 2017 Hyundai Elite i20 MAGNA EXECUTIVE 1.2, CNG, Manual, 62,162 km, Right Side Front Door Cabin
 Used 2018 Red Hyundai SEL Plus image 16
* * *
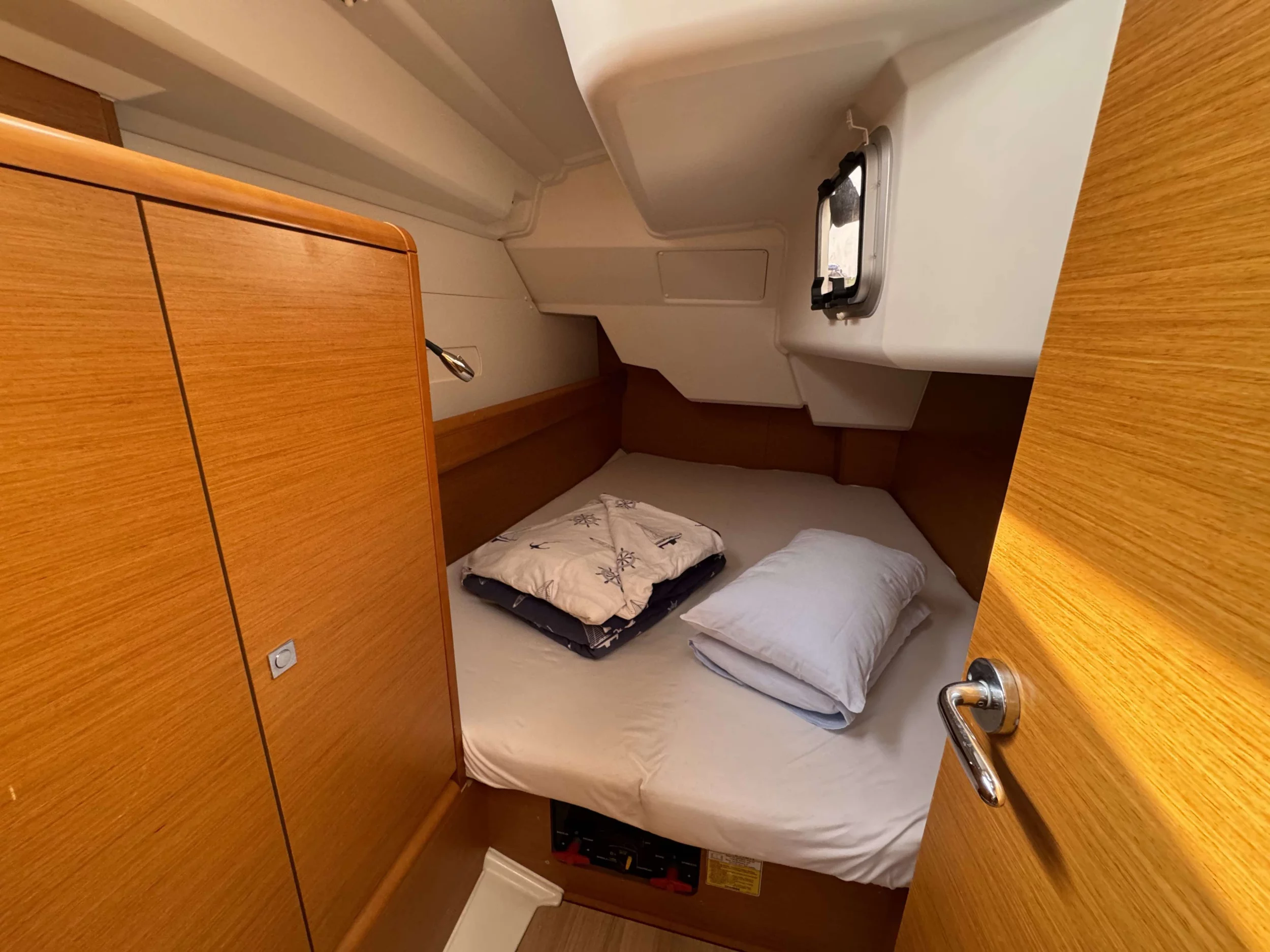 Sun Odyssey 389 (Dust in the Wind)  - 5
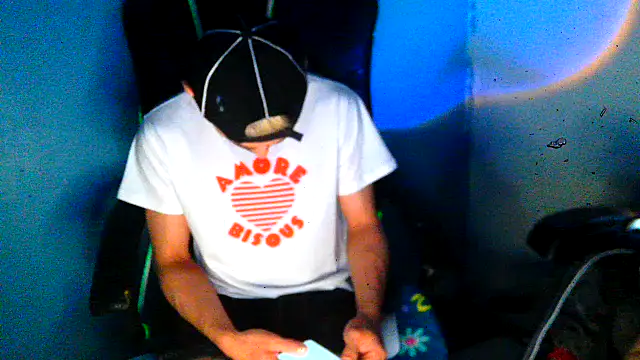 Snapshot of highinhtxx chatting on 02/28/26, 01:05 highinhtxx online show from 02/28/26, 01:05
* * *
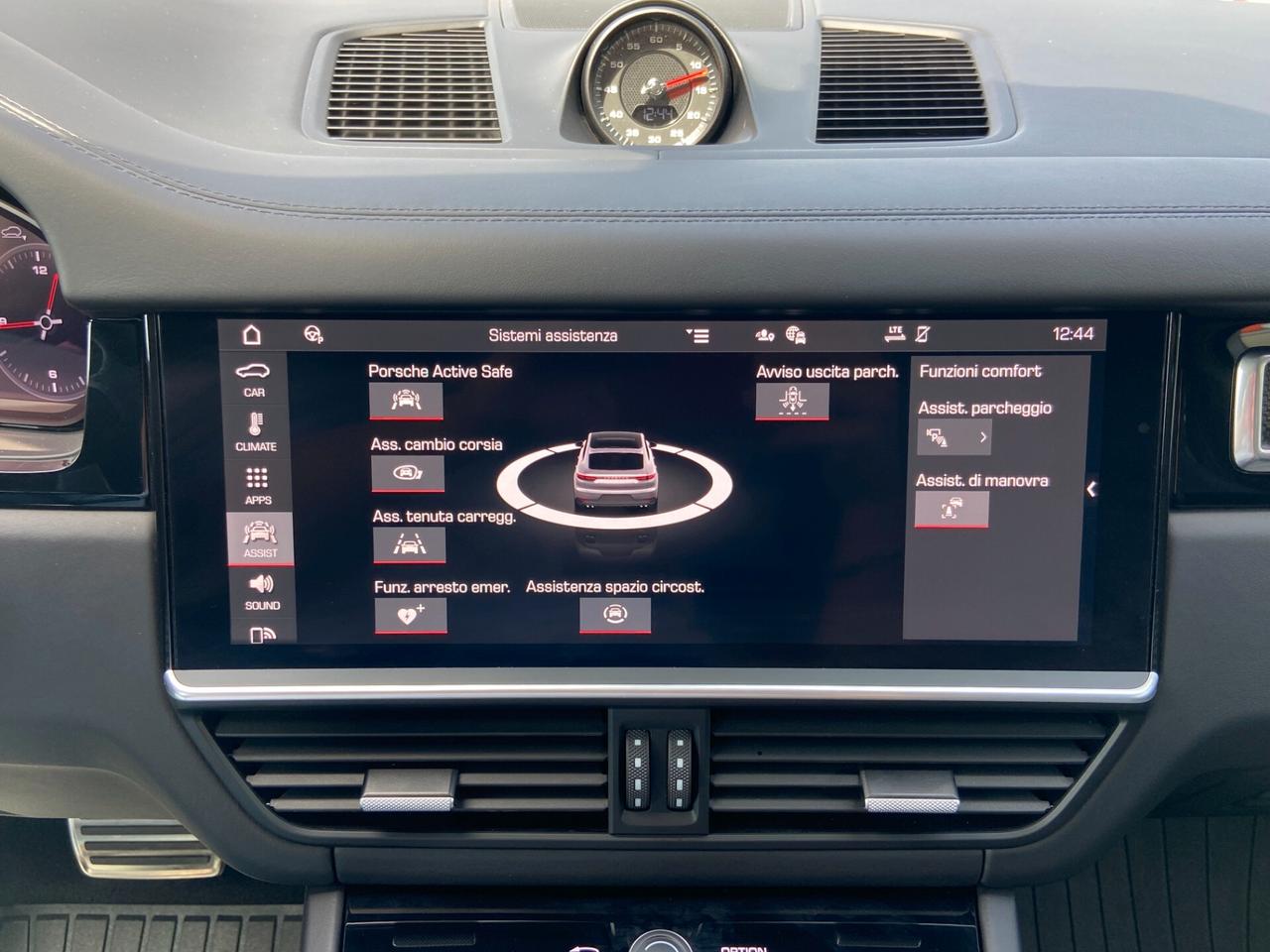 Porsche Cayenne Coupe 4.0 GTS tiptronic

> [EXERCISE INSTRUCTIONS]:
Over the whole of the material above, count the lines that contain the word "Hyundai"; give only the number.

> [RESPONSE BELOW]:
2